Participants also discussed concern over the potential for increased traffic along Sea Lion Avenue, which leads to the elementary, middle and high schools. Construction of the new electric warehouse, directly across from the elementary school entrance, already promises an increase in large trucks in an area where young children are.
The former entrance to the Rec Camp property, the lower part of Diamond, which angles sharply to the right off of Seward Highway, was forever closed off by the Alaska Department of Transportation for safety reasons. It forces vehicular traffic to travel along Sea Lion, and streets to the rear of the property. Some suggested that another access road could be built off Aspen, the driveway leading to the City Cemetery, Parks and Recreation storage building, and Seward Chamber of Commerce.
POLE YARD: Meanwhile, the majority of electric department equipment stored at the pole yard, on a 2 ¾ acre city lot outside of town has been moved and will be housed in the new electric department warehouse. Electric Department officials said the location would be an ideal place to one day build and locate a new substation, and that doing so would be less expensive than building a completely new transmission line running to Seward Municipal Industrial Complex, (SMIC) that would be specifically designed for 69kW power.
Dr.
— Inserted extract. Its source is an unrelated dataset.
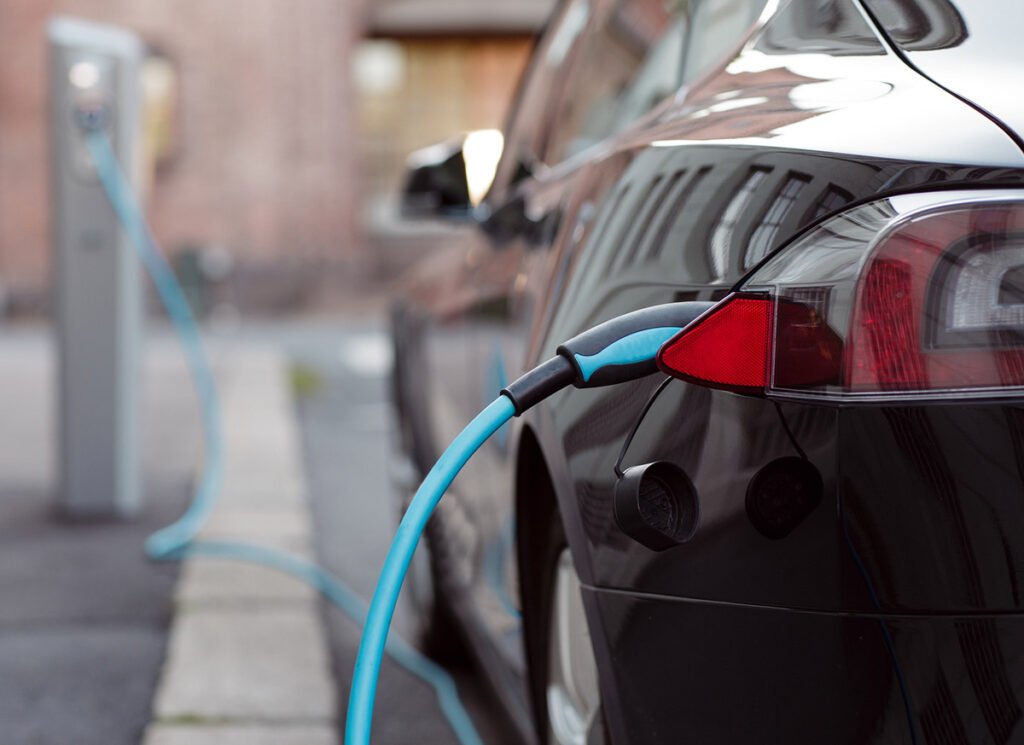 Electric car charging on a street.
John French voiced concern over whether 69kW of power would be adequate to supply the needs of SMIC once it is developed by industry, saying boatyards and seafood processing plants are big power-users and would need all the power they can get.
Electric Department Director John Foutz admitted there were other sites even closer to SMIC that could become available, such as a portion of the Bardarson’s property at Nash Road property and Seward Highway, or even Eadsville, although its flooding issues would not make that a great location for an electric substation.
The city has acquired far more land than it has sold, and should sell off its existing parcels as it acquires more, Tougas said. Should developers come to the city with reasonable plans for the purchase and use of vacant city land, they would be willingly considered, City Planner Donna Glenz told SCN later. Unfortunately, she added, such offers have been rare. Meanwhile, the passive act of maintaining undeveloped city land within the historic flood plain, or along the tsunami inundation zone Seward waterfront, actually improves the city’s insurance credit rating, thus creating additional savings for all residents, she said.
The council nevertheless sent Glenz back to create some maps and lists of unused city lots that could be sold and developed, and an overlay footprint of the city shop and related city needs, to be discussed further at future public work sessions.